A while of awkward silence occurred.

"Diversion technique, level two!" he exclaimed.

"Still doing this I see..." Bromy thought.

"If you have to justify something you do, use a small child in the story, go ahead, call for help." he gestured towards the door.

Bromy let out a sigh.

He opened the door slightly and called out into the hall.

"Hey, guys! It's Malagmus again, he won't leave me alone!"

Moments later a mage, wielding a long wooden staff with a red gem and wearing grey robes with a golden trim entered.

"Alright, you have to leave," said the mage with as sigh,

Malagmus turned to him, once again putting on a theatrical depth to his performance.

"Damn, it - WizzRd32! I once knew a boy by the name of WizzRd31!" he exclaimed.

"He's not even bothered to change the name?!" Bromy thought.

"Poor bastard died, fell down the stairs and lived as a vegetable while trying to remove a handsome and non-aggressive man from the room of a close friend... please, learn from my mistakes! Don't make me go through this... again..." Malagmus forced a single tear to roll down his eye.

"I - I never realised... I'm so sorry..." the mage quickly shuffled out of the room leaving Bromy in awe and Malagmus extremely proud of his performance.

"...How do you do that?!" Bromy exclaimed.

"Finally caught your interest, eh?" he asked.

Bromy nodded.

"I shall teach you the art of madladdery and medicine, in return, I ask you keep this world interesting in the future!"

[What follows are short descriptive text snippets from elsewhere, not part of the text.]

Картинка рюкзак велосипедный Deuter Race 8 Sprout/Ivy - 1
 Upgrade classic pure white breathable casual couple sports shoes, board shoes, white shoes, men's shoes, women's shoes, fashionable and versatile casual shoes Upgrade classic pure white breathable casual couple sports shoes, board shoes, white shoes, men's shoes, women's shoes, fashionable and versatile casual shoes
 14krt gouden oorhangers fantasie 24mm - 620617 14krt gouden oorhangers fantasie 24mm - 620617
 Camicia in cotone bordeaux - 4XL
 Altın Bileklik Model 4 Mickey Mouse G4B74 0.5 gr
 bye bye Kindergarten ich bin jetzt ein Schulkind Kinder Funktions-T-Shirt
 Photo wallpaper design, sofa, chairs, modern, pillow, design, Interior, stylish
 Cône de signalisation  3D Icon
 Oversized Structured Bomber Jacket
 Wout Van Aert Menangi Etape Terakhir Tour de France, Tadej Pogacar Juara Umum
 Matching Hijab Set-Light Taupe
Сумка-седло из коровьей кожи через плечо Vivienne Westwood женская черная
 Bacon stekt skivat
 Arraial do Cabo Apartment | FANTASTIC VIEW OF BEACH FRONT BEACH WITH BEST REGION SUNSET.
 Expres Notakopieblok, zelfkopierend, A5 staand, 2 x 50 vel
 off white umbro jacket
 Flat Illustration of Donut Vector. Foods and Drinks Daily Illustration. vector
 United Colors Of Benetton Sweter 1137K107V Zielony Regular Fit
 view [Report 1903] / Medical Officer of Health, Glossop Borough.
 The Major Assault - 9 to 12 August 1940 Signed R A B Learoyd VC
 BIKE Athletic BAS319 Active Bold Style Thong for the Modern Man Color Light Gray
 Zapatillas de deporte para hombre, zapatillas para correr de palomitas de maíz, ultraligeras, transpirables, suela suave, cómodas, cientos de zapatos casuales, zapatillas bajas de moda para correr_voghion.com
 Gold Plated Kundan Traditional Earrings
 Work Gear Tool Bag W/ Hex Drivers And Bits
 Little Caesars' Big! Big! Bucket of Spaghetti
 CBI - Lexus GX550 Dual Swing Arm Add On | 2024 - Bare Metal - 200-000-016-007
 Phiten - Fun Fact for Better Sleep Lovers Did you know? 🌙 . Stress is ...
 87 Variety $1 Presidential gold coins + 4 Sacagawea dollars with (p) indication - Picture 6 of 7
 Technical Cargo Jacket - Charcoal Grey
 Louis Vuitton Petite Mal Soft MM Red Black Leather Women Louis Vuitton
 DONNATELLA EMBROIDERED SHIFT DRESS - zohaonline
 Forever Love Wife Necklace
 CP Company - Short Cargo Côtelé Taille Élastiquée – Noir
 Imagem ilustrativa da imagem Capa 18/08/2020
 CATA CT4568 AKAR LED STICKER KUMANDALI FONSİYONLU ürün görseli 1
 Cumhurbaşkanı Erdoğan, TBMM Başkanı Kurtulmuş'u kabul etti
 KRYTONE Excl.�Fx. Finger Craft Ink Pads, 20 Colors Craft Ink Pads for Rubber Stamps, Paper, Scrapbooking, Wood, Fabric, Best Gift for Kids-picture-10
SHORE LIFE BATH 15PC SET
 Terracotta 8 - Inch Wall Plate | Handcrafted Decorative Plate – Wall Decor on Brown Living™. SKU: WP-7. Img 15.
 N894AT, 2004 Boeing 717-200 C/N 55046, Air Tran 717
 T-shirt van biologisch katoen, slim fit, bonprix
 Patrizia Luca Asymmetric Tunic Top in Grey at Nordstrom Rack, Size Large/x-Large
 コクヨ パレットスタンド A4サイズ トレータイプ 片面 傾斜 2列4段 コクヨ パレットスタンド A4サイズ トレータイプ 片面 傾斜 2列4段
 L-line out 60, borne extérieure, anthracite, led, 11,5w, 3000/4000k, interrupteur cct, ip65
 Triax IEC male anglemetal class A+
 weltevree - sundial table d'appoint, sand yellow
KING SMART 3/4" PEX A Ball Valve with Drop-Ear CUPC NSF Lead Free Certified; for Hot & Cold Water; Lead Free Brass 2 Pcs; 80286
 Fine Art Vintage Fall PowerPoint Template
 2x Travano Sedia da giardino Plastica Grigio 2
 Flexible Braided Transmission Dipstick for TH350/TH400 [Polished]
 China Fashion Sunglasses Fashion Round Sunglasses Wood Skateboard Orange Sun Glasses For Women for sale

"Now then, advice number three!" he exclaimed.

In the present day...

Bromy remembered the words of his teacher, and he finally spoke up.

"Technique three, if you can't get them to think your actions are deep and you can't have them feel guilty... make them laugh!"

He cleared his throat.

"I threw a boomerang a few years ago..." he began, his voice sounding stiff.

"Now I live in constant mental-agony!" he exclaimed.

"I mean constant fear!" he exclaimed.

Bonifacius performed a fake laugh out of pity but Bromy knew he didn't have the charisma and confidence Malagmus had.